# Amadeus, again



## KenOC

The BBC looks back on Amadeus after thirty years.

http://www.bbc.com/culture/story/20150224-what-amadeus-gets-wrong


----------



## Sloe

When I saw it for the first time I was shocked how that such beautiful music was made by a man that was so silly and annoying.


----------



## quack

Sloe said:


> When I saw it for the first time I was shocked how that such beautiful music was made by a man that was so silly and annoying.


That was the point, no? He was deliberately contrasted with the serious and sensible Salieri who wrote fair music but not that one step beyond into great music as Mozart did.

In that respect it was largely a commentary on the belief that only good people with noble hearts, good breeding, refined manners and regular cold baths can produce great art. While nasty, unpleasant or foolish people aren't permitted artistic souls.

Fun film, probably should be called "Suck it Salieri!" though.


----------



## Sloe

quack said:


> That was the point, no? He was deliberately contrasted with the serious and sensible Salieri who wrote fair music but not that one step beyond into great music as Mozart did.
> 
> In that respect it was largely a commentary on the belief that only good people with noble hearts, good breeding, refined manners and regular cold baths can produce great art. While nasty, unpleasant or foolish people aren't permitted artistic souls.
> 
> Fun film, probably should be called "Suck it Salieri!" though.

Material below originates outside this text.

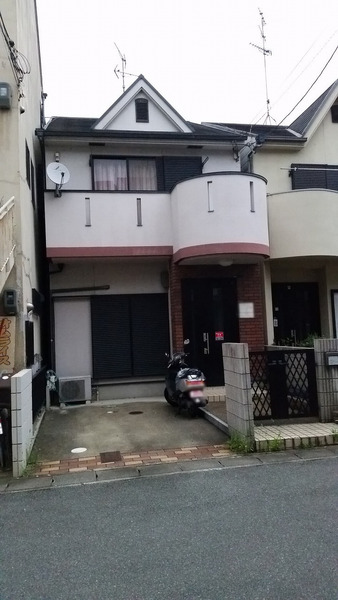 物件詳細 オーナーチェンジ物件 事務所として賃貸中 スーパー万代羽束師店まで徒歩2分 約90m と お買い物に便利 普通自動車1台駐車可 前道約6mで駐車もらくらく 京都市伏見区 4ldk 物件詳細 オーナーチェンジ物件 事務所として賃貸中 スーパー万代羽束師店まで徒歩2分 約90m と お買い物に便利 普通自動車1台駐車可 前道約6mで駐車もらくらく 京都市伏見区 4ldk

Yes it was the point I was very young when I saw the film. I only wanted to share the experience I had with the film and how it caused me to not being able to hear Mozart´s music without thinking of Mozart in a pink wig laughing at his own silly jokes and being completely annoying. Now this is not really true even if Mozart liked to joke.
I don´t think Suck it Salieri would be the best title since at least my smympathies are with Salieri. Poor Salieri that had to put up with that annoying man would be a better title.


----------